Crappie guide Tommy Tidwell, who mostly fishes Granger Lake near Taylor, is a firm believer in juglines. He likes to bait up a dozen or so jugs and toss them overboard as he begins fishing and then follow them as he moves from brush pile to brush pile.

On a typical day, Tidwell is able to put a number of very nice catfish, usually blues, in the ice chest for his customers to enjoy when they get back home.

You can get all the line and hooks you need for about $15, and jugs can be anything from old plastic bleach bottles to the long, brightly colored floaties that kids use in a swimming pool. Tie the line to one end and when the floatie tips up, you know you have a fish.

Kayak and canoe

Kayak fishing is maybe my favorite, especially since the floats almost always carry me through some of the most beautiful scenery the Hill Country has to offer.

The San Marcos River, from just outside San Marcos down close to Luling, could be my favorite, but I love all of the Llano. Then there's the Blanco, the Guadalupe, the Colorado, the Pedernales. I guess I love them all.

Pay attention to private land along the river. You don't want to get out on people's property. Arrange for a shuttle from drop-off to pick-up, and you have a trip. There are great fly fishing and light tackle opportunities when you make these trips with canoe or kayak. It doesn't matter.

On the Guadalupe River, there are full-service canoe liveries at Gruene. They will let you park on their lots, then drive you and a canoe or a kayak back up the river where you can put in and float your way back down just to get a taste of the style. Perfect.

Bass boat

I would say this is mostly self-explanatory. The bass guys know where to go. But two of the very best bass lakes in Central Texas are right here in Austin on the Colorado River chain of Highland Lakes: Lake Austin and Lady Bird Lake.

Yes, both are urban, but both are quality bass lakes. Fact is, Lake Austin annually produces one or two of the largest fish caught each year in Texas.

Fly rod trout

Yes, there are trout in Central Texas. Look for them in the Guadalupe River, along a several-mile stretch down river from just below Canyon Lake Dam. Take care in this area. Much of it is privately controlled. Still, there are memberships available if you want to walk in, and there are guides who'll take you through the area in float-boats.


Take a big boat, some giant jigs and downriggers, and you have the makings of a day trolling for stripers and hybrids. The center of this universe in Central Texas is Lake Buchanan.

Some anglers like to use live bait and to drift through some of the better locations on the lake, which is at the top of the Highland Lakes chain.

The fish are big, usually accessible, and you can let the guide do all the real work. You just do the "reel" work.

Sitting on the bank

Now we're talking about fishing suitable to the Austin lifestyle and a fish that's perfect for Austin style fishing, the carp.
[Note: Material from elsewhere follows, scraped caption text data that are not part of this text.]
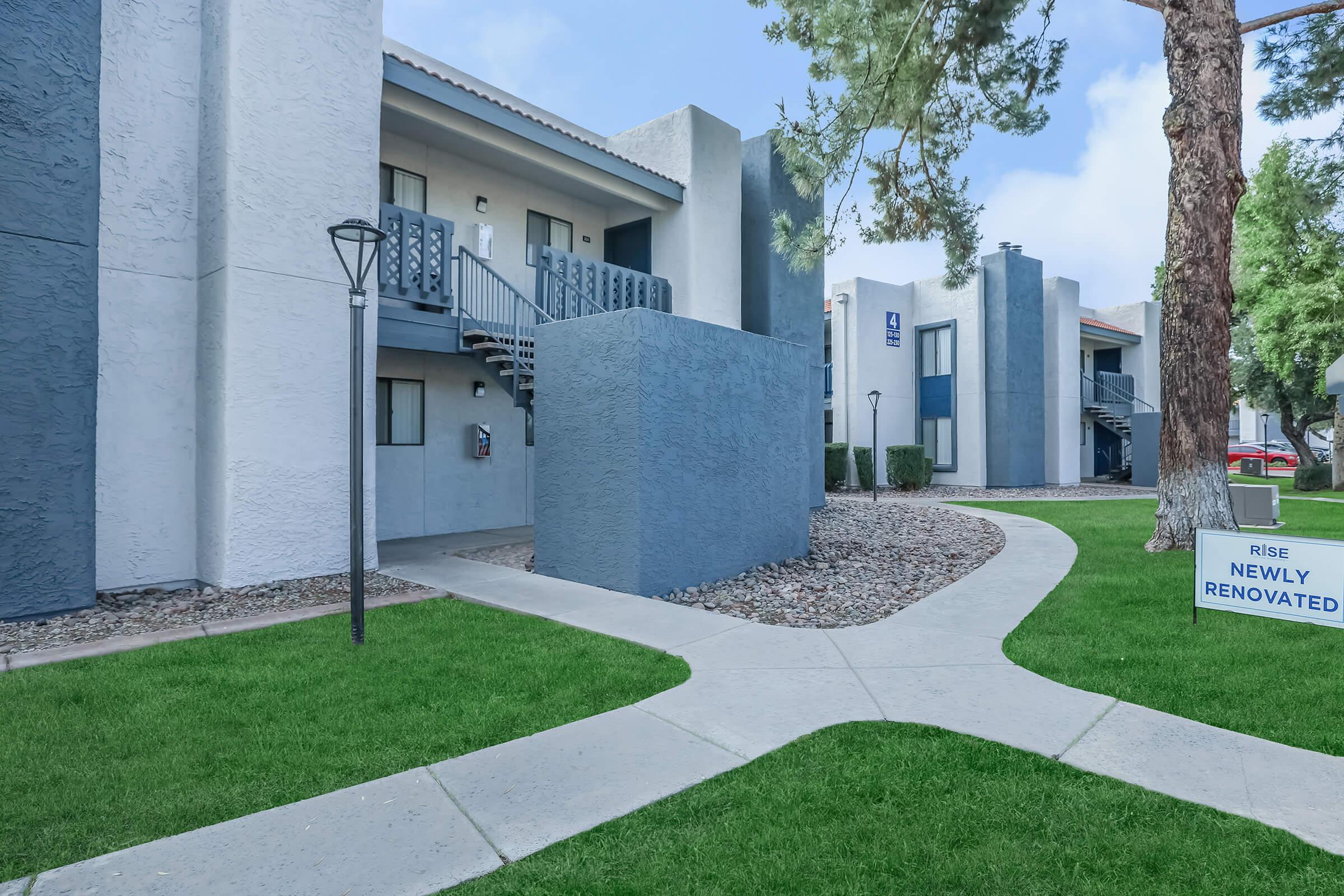 A pathway with landscaping leading to the apartments at Rise at the Meadows.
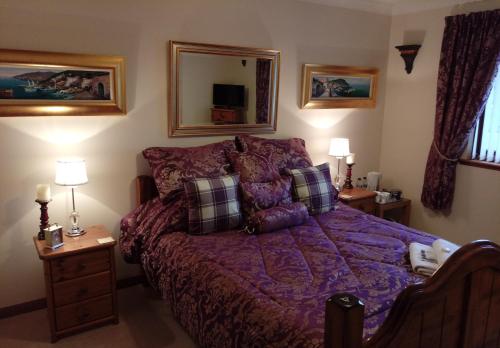 
a bedroom with a bed and a lamp at One Strathview B&B in Forfar

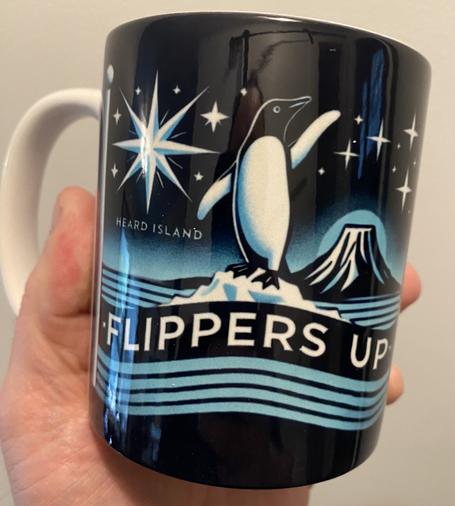A picture of a coffee mug from the Heard Island  Government store. It features a penguin with its flipper up standing atop a motto that says FLIPPERS UP.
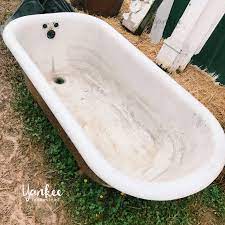 Cast iron bathtubs are known to be more durable than their fiberglass counterparts. How To Refinish A Vintage Claw Foot Tub Roots Boots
Tackle is easy: a long rod and simple reel with plenty of line. You can buy the whole rig in a store for $50, or just use what you have.

Most people use dough bait for carp. It's available commercially or you can make your own.

Just roll it onto a treble hook, toss it out into the current in Lady Bird Lake, pop open a cold one and close your eyes for a while. Lake Austin is good, too, although access is more difficult.

If you catch something, great. If you don't, you've had a nice day sitting in the shade.